Aim of the task: Each line from the one containing "23870-Сертификат Сандиммун, концентрат" through the final line of the records is to be repeated exactly, with no additions.

───── Excerpted records

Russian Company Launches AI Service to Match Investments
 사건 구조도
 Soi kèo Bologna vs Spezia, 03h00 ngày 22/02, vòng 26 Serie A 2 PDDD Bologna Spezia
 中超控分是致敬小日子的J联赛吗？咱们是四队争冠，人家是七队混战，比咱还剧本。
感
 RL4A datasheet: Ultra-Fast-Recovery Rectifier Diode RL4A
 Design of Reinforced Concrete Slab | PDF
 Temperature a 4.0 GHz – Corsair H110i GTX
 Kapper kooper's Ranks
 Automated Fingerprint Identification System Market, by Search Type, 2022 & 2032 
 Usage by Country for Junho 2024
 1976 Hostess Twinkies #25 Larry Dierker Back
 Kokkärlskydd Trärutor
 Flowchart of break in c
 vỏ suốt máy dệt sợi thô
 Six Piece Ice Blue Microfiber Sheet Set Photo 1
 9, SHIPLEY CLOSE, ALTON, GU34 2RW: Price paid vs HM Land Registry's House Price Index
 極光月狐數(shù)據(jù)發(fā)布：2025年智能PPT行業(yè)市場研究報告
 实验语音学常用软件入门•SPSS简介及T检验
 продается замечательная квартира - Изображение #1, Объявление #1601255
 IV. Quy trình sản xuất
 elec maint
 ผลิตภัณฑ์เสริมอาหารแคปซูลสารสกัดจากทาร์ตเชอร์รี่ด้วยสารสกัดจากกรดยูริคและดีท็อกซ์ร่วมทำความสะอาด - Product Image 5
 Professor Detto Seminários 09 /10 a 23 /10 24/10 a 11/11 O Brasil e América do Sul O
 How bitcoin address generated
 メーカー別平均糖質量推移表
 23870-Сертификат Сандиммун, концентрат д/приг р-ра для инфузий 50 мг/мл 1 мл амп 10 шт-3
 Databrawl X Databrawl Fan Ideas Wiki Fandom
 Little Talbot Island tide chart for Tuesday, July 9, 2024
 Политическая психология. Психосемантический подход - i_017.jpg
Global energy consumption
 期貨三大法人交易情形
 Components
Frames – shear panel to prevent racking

──────────

Answer to this task:
 23870-Сертификат Сандиммун, концентрат д/приг р-ра для инфузий 50 мг/мл 1 мл амп 10 шт-3
 Databrawl X Databrawl Fan Ideas Wiki Fandom
 Little Talbot Island tide chart for Tuesday, July 9, 2024
 Политическая психология. Психосемантический подход - i_017.jpg
Global energy consumption
 期貨三大法人交易情形
 Components
Frames – shear panel to prevent racking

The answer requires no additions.